Grüner Pfad bringt Grätzelbelebung in die Gürtelbezirke

Beteiligung der BürgerInnen bereits bei der Planung

Wien (OTS) - Entlang eines Bandes ziehen sich Ideen für eine positive Entwicklung der Grätzel vom Wiental im 15. Bezirk nach Norden bis Döbling. Dieser Grüne Pfad wurde von den Bezirksparteien außerhalb des entwickelt. Die Grünen Ottakring wollen vor allem einige kleine Grätzelplätze entlang der Haberlgasse aufwerten. "Der Grüne Pfad ist die Fortsetzung und Aufwertung eines längst begonnenen Prozesses der Grätzelbelebung.

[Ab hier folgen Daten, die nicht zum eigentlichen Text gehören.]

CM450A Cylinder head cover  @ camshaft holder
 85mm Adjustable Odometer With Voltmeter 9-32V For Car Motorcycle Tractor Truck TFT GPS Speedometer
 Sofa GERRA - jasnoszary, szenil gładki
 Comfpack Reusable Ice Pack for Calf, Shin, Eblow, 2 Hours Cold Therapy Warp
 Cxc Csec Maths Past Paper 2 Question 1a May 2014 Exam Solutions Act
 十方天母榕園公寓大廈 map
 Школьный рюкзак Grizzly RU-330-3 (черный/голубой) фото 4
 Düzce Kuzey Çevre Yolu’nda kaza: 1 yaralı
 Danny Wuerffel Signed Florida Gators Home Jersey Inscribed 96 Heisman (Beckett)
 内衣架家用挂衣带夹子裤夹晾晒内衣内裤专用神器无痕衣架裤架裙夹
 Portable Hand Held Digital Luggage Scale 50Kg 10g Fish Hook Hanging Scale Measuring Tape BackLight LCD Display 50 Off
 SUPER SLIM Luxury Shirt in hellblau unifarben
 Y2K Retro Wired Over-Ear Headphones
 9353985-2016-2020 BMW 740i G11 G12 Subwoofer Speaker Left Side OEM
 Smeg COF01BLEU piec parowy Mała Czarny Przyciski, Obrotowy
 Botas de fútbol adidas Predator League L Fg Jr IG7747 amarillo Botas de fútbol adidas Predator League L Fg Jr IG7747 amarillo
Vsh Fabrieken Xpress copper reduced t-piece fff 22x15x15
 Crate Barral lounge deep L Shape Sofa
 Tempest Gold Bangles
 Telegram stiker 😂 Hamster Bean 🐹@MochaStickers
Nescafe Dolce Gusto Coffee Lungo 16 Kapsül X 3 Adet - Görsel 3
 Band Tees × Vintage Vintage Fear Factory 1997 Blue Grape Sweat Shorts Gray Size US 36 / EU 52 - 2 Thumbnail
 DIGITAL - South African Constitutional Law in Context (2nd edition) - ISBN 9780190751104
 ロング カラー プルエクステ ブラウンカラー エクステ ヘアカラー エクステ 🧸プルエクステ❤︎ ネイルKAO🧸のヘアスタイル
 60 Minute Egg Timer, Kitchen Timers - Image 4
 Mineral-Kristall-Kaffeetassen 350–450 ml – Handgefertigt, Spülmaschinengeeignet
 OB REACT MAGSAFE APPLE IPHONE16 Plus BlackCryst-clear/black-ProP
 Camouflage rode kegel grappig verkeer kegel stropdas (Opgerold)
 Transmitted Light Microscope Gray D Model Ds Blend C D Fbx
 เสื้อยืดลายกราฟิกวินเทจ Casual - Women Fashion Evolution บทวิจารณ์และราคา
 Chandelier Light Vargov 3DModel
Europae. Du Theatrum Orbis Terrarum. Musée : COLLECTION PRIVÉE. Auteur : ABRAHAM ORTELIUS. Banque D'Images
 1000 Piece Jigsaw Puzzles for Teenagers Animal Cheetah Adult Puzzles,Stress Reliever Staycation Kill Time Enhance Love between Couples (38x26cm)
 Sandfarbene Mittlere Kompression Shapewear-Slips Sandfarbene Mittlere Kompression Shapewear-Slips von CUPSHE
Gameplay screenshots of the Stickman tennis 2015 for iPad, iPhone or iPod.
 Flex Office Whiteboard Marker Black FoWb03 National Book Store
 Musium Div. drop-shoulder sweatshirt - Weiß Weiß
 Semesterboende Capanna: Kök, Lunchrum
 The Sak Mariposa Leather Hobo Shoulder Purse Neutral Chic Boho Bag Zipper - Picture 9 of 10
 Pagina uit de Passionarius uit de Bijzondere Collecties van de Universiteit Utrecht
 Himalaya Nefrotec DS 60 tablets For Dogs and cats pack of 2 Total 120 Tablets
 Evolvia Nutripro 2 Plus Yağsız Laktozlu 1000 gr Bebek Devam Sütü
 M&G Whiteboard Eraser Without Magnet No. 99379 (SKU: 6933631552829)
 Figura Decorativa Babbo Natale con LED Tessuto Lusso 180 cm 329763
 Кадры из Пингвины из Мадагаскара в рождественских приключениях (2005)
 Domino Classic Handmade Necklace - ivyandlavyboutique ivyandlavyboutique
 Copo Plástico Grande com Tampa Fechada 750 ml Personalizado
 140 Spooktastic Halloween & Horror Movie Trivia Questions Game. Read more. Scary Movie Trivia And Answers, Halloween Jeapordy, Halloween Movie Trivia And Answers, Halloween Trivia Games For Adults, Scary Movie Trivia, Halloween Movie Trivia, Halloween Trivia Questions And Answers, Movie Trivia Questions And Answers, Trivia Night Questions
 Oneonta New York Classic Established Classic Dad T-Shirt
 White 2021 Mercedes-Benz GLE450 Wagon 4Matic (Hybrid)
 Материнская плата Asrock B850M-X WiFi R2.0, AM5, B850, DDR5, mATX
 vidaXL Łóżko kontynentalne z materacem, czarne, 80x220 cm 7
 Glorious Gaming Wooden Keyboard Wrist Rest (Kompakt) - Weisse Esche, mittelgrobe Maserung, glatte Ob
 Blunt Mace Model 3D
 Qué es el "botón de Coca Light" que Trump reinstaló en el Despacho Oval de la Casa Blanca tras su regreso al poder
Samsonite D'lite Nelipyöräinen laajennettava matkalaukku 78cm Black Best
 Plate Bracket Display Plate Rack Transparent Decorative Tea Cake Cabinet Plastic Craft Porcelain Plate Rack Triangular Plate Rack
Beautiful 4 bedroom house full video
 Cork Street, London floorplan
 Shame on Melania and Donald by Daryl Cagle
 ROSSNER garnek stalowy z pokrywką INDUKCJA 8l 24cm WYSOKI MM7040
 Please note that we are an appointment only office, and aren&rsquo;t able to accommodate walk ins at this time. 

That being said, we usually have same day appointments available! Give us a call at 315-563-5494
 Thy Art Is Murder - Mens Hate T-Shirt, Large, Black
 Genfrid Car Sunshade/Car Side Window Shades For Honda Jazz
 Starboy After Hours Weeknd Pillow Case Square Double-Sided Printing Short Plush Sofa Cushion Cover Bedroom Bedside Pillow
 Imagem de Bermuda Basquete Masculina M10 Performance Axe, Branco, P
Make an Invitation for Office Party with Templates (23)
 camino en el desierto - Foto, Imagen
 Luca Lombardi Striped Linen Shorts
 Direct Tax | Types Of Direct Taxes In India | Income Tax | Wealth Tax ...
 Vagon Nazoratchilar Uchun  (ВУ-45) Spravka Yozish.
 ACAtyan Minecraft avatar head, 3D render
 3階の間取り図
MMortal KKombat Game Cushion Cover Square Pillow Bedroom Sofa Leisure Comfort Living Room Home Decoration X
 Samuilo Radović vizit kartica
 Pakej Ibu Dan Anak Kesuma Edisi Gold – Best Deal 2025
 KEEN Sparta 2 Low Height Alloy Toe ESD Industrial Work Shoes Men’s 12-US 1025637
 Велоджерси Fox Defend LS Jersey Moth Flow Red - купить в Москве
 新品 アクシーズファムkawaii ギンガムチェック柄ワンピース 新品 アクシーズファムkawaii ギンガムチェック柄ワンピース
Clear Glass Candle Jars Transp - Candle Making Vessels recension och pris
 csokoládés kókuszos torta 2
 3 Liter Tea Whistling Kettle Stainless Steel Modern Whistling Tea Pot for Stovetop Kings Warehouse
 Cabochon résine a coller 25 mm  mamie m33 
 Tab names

Die Grünen setzen sich vehement für die Belebung des Öffentlichen Raums in allen Teilen des 16. Bezirkes ein", hebt deren Spitzenkandidat, Joachim Kovacs hervor.

So soll eine Nebenfahrbahn der Koppstraße zwischen Haberl- und Habichergasse samt Freifläche verkehrsberuhigt und neu gestaltet werden. Weitere Beispiele sind die kleinen Plätze bei den Kreuzungen Neulerchenfelderstraße/Friedmanngasse und Haberlgasse/ Gaullachergasse. "Es gilt Freiräume und Kommunikationsplätze für die OttakringerInnen zu schaffen, damit das gesellschaftliche, soziale und kulturelle Miteinander auch tatsächlich gelebt werden kann. Parkraumbewirtschaftung und Belebung des Öffentlichen Raums sind die zentralen Instrumente dazu", betont Kovacs.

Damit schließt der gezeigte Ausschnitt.